豊浦村(読み)とようらむら

日本歴史地名大系 「豊浦村」の解説

豊浦村
とようらむら

[現在地名]東大阪市豊浦町東豊浦ひがしとようら町・箱殿はこどの町・しん町・鷹殿たかどの町・鳥居とりい

生駒山地西麓のかなり急な扇状地上にある。北は額田ぬかた村、東はくらがり峠で大和国に続き、西は恩智おんぢ川を隔てて松原まつばら村。中央部を南北に東高野街道が、東西に暗峠奈良街道が通る。「とよら村」ともよばれた(寛文一〇年覚「大阪府全志」所収)。字名に箱殿・髪切こうぎり・鳥居・宝蔵新家ほうぞうしんけとうげなどがあり、髪切は枝郷。古代河内郡豊浦郷(和名抄)の地。「続日本紀」和銅五年(七一二)正月条に「廃河内国高安烽、始置高見烽、及大倭国春日、以通平城也」とある。同三年に都が藤原京より平城京に遷されたのに対応して高安たかやす(現八尾市)より北にある高見に烽が移され、生駒の飛火ともいわれた。高見は暗峠北方の髪切山のことで、石積みが残るという(枚岡市史)

豊浦村
とゆらむら

[現在地名]明日香村大字豊浦とようら

飛鳥あすか村の西方、飛鳥川左岸に立地する。元興寺伽藍縁起並流記資財帳には「等由良とよら」「等由羅とよら」「止由良佐岐」(豊浦前)、元興寺塔露盤銘(推古天皇四年)には「等由良」と記す。「日本書紀」朱鳥元年(六八六)一二月一九日条に「小墾田豊浦」の寺名がみえる。

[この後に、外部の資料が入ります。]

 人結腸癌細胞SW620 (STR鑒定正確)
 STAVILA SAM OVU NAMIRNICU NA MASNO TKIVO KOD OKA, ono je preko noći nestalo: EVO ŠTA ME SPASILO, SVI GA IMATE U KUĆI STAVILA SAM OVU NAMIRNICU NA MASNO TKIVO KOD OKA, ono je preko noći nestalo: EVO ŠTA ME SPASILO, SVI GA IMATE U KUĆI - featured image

「和名抄」長門国豊浦郡は刊本には「止与良」の訓注を付しており、当村もトユラまたはトヨラと称したものと思われる。慶長郷帳に「といら村」、元和郷帳には「とひら村」とある。「万葉集」には豊浦寺の尼の私房で逝回ゆきき岳を詠んだ歌がある。

豊浦村
とようらむら

昭和七年(一九三二)四月から同二二年六月までの虻田あぶた郡の村。村名改称により成立した村で、その理由は旧名弁辺べんべアイヌ語に漢字をあてたもので語呂が悪く、住民の希望により、水産が豊かで内浦湾に面していることから豊浦とした(北海道駅名の起源・北海道年鑑)。同時に字名改正も行われ、旧来の大字名を廃し、現在と同じ一七字を編成した(豊浦町史)。昭和八年に豊浦漁港の船入澗築設開始、同一一年竣工。昭和一〇年の職業別世帯数は農業五八五・水産業一二六・工業一六・商業一一二・交通業一三・公務自由業一六七・家事使用人一八、その他有業三二七・無職三(同一二年「北海道市町村行政区画」)

豊浦村
とようらむら

[現在地名]大和郡山市豊浦町

小南こみなみ村東方に位置する環濠集落。一に豊良に作る。元禄郷帳では「トヨラ」と注訓している。筒井順慶葬式目録に豊浦彦三郎の名がみえ、正和二年(一三一三)調査にかかる豊浦御庄検注帳(内閣文庫蔵、「大和志料」所収)が残る。

慶長郷帳にみえる村高は二一六石。